The Last Stop (Terminus), 1987 / The Watchman (The Guard), 1989 / The Apple, 2003

The Last Stop (Terminus), 1987 (Serik Aprimov)

In an early episode in The Last Stop, a young man, newly discharged from the Soviet army visits his relatives and inquires about what has happened in the bucolic town during his absence, to which his extended family responds “Nothing happens here. We live.” Considered to be the first perestroika film, The Last Stop consists of a series of reunions with family and friends as he spends an aimless day attempting to readjust to his former life and assessing his future in his rural hometown where poverty, unemployment, drunkenness, and interminable boredom are endemic to the villagers’ way of life. Aprimov’s use of languid pacing, spare, natural landscapes, and dialogistic (and occasionally amusing) encounters invites comparison to the films of Abbas Kiarostami, but his sense of cultural intimacy for village life and affectionate concern for the limited opportunities of its inhabitants are distinctively native.

 

The Watchman (The Guard), 1989 (Beyzhan Aidkuluev)

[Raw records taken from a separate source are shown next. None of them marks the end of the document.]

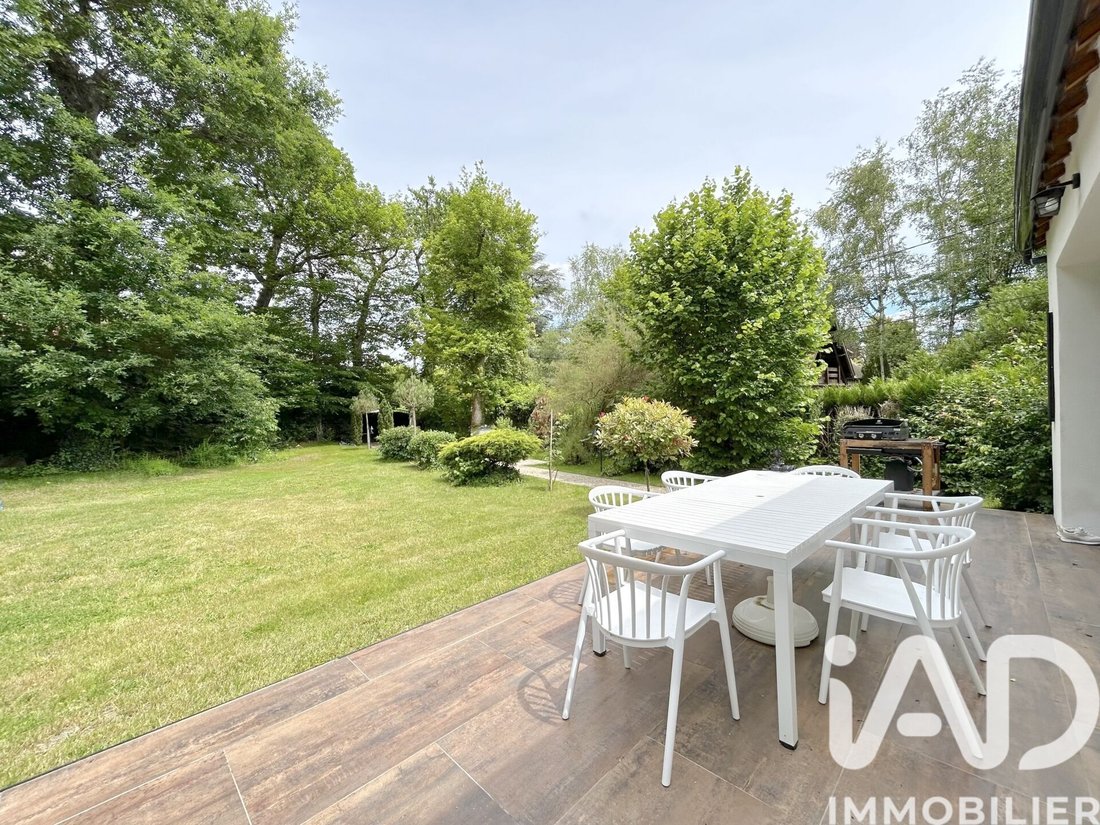 House in Fontainebleau, Ile-de-France, France 4 - 17398789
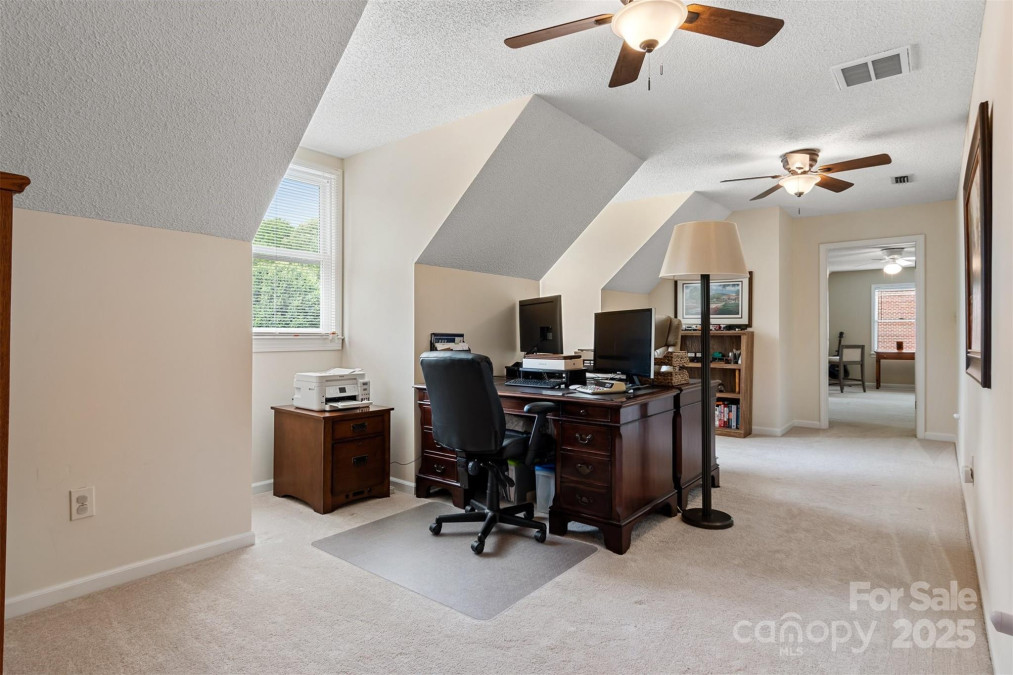 3022 8th Street Ct Hickory, NC 28601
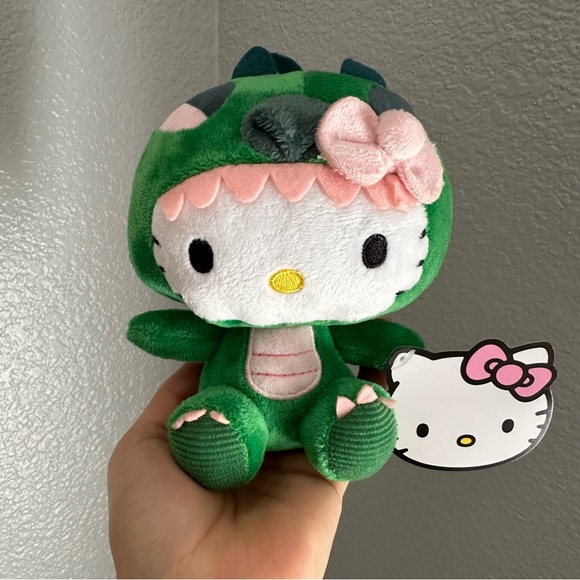 Hello Kitty 6” Dragon Costume Plush - Picture 1 of 7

Consisting of concentrated, visually striking, and evocative natural imagery, The Watchman is an indelible portrait of a robust, elderly, one-legged man as he traverses the austere, yet beautiful landscape of his quaint Kyrghyz village. Slightly reminiscent of Aleksandr Sokurov’s impressionistic and elegiac tone poems (particularly Oriental Elegy, but with less opacity and more instinctual cohesion), the film is a haunting and sublime meditation on natural communion, transience, and cultural extinction.

 

The Apple, 2003 (Abay Kulbaev)

The Apple is a charming and playfully ironic short film on a man (played by filmmaker Darezhan Omirbaev) casually picking berries on a hill who becomes drawn to the amusing sight of a young boy attempting to reach an apple that is tantalizingly just out of his reach.